Count regular, run-of-the-mill payments from Medicare as the next ‘what-if’ if the U.S. Supreme Court rejects the Affordable Care Act of 2010 (ACA) in whole or in part.
Included in those broad strokes of uncertainty are quarterly bonus payments the Centers for Medicare and Medicaid Services (CMS) make to practitioners in Geographic Health Professional Shortage Area designations.
In case you are unaware, a May 3 article from the Associated Press quoted Dr. Donald Berwick, former Centers for Medicare and Medicaid Services administrator, saying that so much has changed in the past two years since the ACA was enacted, that throwing-out even portions of the law could cause delays and errors. The Associated Press also interviewed Tom Scully, former CMS Administrator in the Bush administration, who disagreed with Berwick.
Whether there are problems or not, uncertainty is always unwelcome with Medicare payments to healthcare providers. The Associated Press avoided diving deeply into details of the issues and programs involved, but the 10-percent Medicare bonuses paid to physicians in a Geographic HPSA as well as 20-percent bonuses to qualified surgeons and primary care providers are all based on CMS billing and could be affected if there are changes in the healthcare bill’s structure.
HPSA Acumen staffers who have researched the issue say the best advice available to practitioners and billing offices is to keep close track of Medicare billing records and quickly flag payments that do not match local records or expected amounts.
The extra diligence is important now, before the Supreme Court hands down a ruling and immediately afterward, so offices can catch payment errors more easily.
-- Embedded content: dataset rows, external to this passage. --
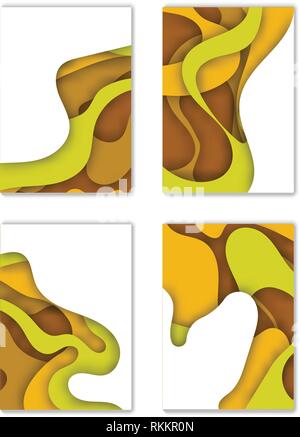 Moderne vector Template für Broschüre, Faltblatt Stock Vektor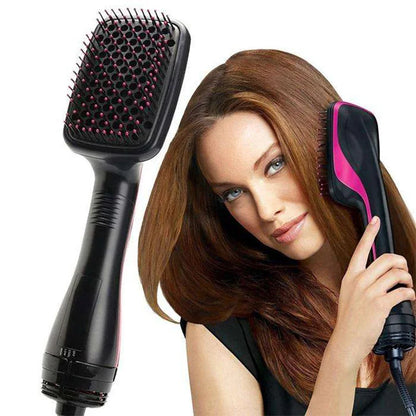 Hot Selling Hair Dryers One-Step Electric Hot Air Brushes Travel Hair Dryers Brush Salons Professional Styling Tools.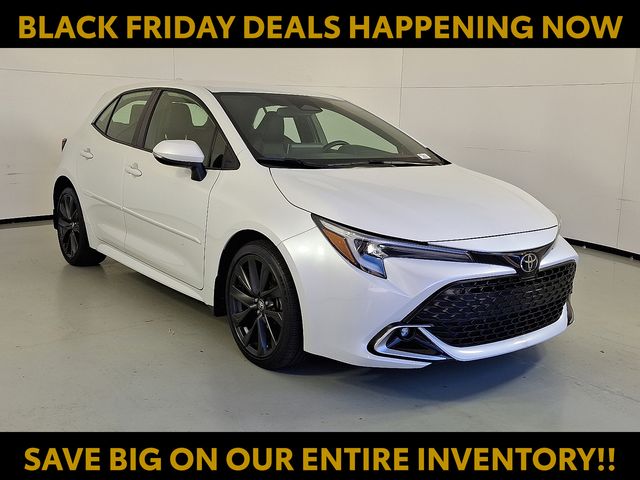 2023 Toyota Corolla Hatchback XSE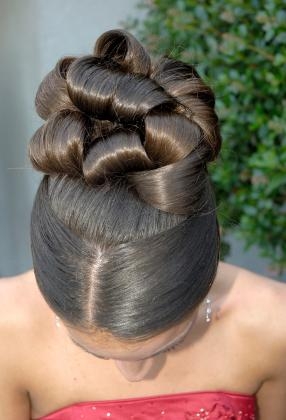 Prom Updos for Long Hair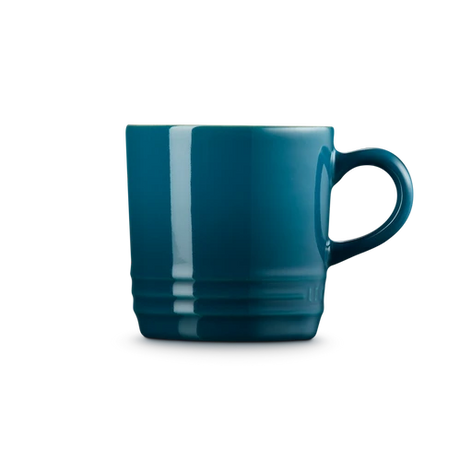 Le Creuset 200ml Cappuccino Mug - Deep Teal I Redber Coffee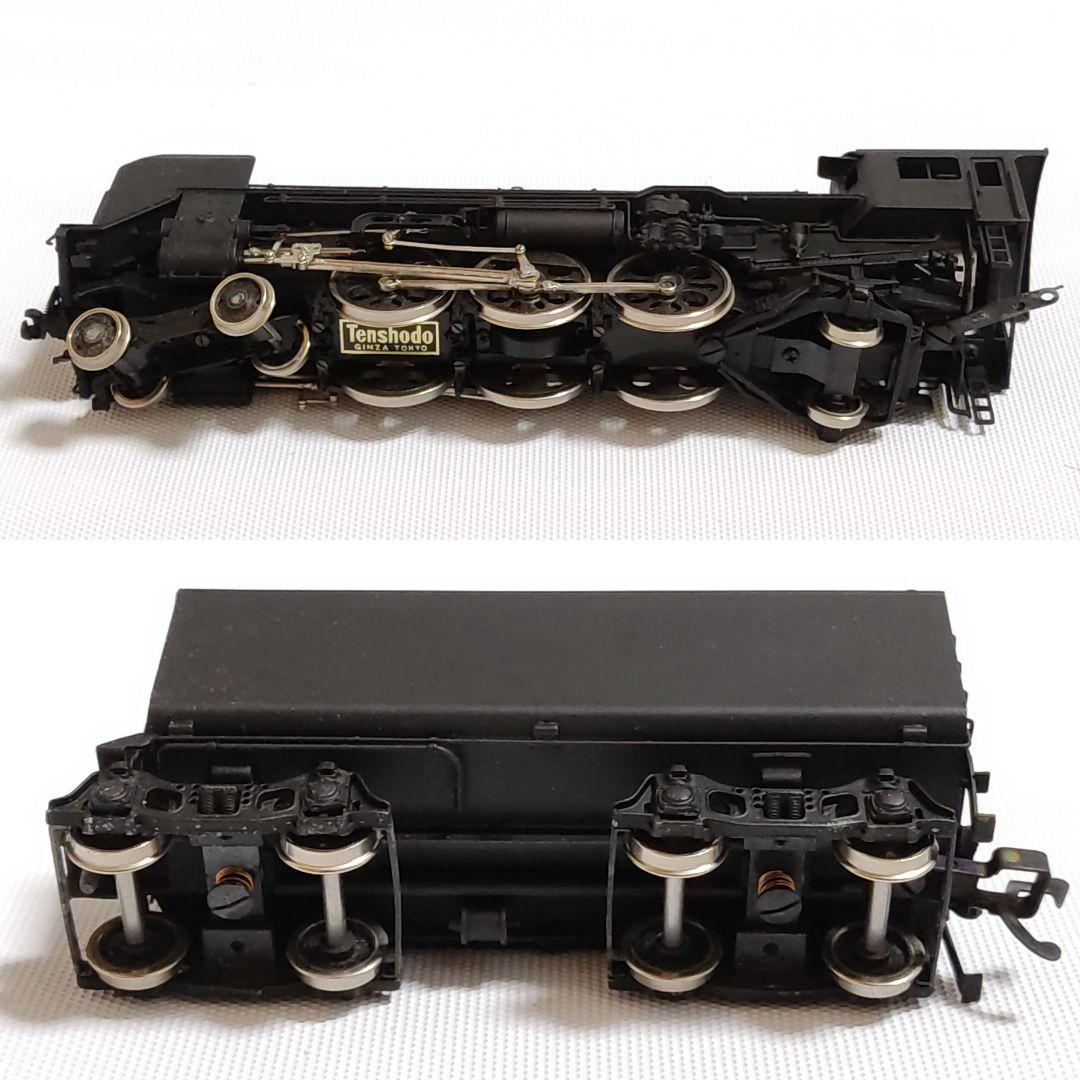 天賞堂　国鉄　C59形　蒸気機関車　HOゲージ　№487　東京　銀座　箱付き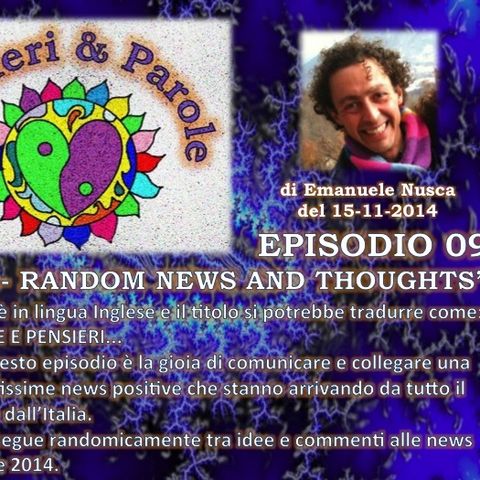 P&P 09 - RANDOM NEWS AND THOUGHTS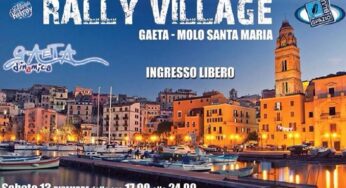 Rally di Sperlonga, problemi di viabilità: si lavora sulla modifica del percorso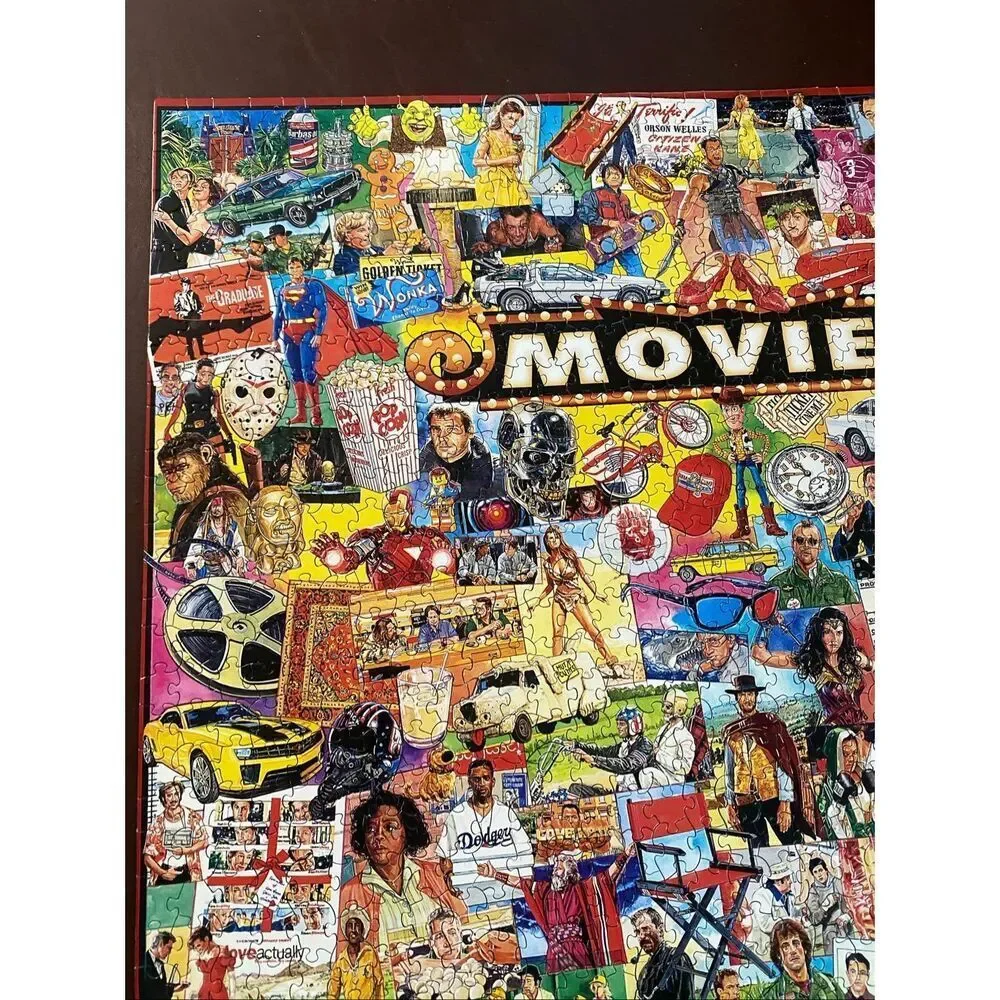 White Mountain Jigsaw Puzzle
But even more importantly, the Associated Press openly speculated that CMS might have to refund the difference between Medicare payments reduced by ACA in the past two years and what they would have been before ACA.
If that is even a possibility, the potential refund amounts would be astounding, not to mention the additional paperwork involved – meaning good record keeping would be even more important to possibly substantiate higher payments for claims since 2010.